> TASK DIRECTIONS
Once the pictures are set aside, transcribe each line of the data exactly.

> SUPPLIED MATERIAL
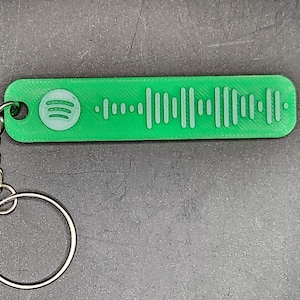 May include: A green rectangular keyring featuring a Spotify code design. The keyring has a silver chain and a round key ring. The Spotify logo is visible on the left. The background is a grey surface.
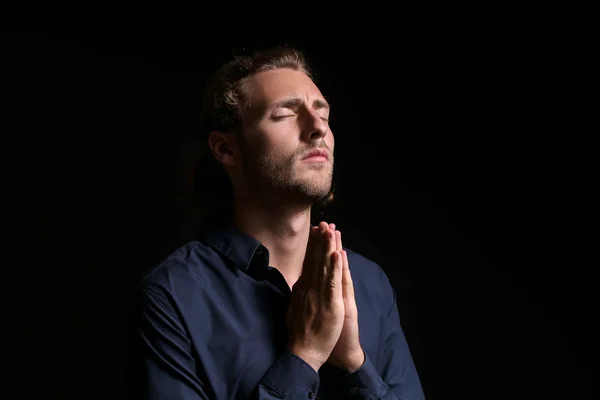 Religious young man praying on dark background — Stock Photo, Image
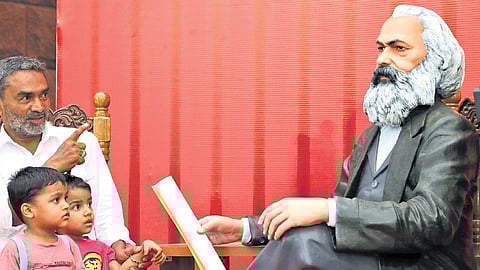 Attendees taking pictures with a Karl Marx statue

> TASK SOLUTION
 May include: A green rectangular keyring featuring a Spotify code design. The keyring has a silver chain and a round key ring. The Spotify logo is visible on the left. The background is a grey surface.
 Religious young man praying on dark background — Stock Photo, Image
 Attendees taking pictures with a Karl Marx statue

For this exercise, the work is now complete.